> Action item
Beginning with the line that holds "3XL von Enlision", retype the rest of the listing exactly, last line included.

> Exercise materials
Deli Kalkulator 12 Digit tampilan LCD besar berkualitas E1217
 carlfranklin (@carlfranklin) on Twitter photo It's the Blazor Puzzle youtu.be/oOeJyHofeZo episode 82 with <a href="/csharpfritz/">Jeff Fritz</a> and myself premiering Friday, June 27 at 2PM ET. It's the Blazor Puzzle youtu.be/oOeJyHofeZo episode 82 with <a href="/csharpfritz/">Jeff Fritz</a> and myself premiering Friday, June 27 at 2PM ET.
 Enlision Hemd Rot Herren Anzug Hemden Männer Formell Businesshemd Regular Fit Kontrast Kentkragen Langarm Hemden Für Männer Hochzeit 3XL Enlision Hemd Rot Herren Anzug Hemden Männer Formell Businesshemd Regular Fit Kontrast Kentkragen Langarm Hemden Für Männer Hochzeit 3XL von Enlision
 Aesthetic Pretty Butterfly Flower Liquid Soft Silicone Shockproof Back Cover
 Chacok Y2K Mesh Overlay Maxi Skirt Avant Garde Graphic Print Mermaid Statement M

> Solution to the exercise
 Enlision Hemd Rot Herren Anzug Hemden Männer Formell Businesshemd Regular Fit Kontrast Kentkragen Langarm Hemden Für Männer Hochzeit 3XL Enlision Hemd Rot Herren Anzug Hemden Männer Formell Businesshemd Regular Fit Kontrast Kentkragen Langarm Hemden Für Männer Hochzeit 3XL von Enlision
 Aesthetic Pretty Butterfly Flower Liquid Soft Silicone Shockproof Back Cover
 Chacok Y2K Mesh Overlay Maxi Skirt Avant Garde Graphic Print Mermaid Statement M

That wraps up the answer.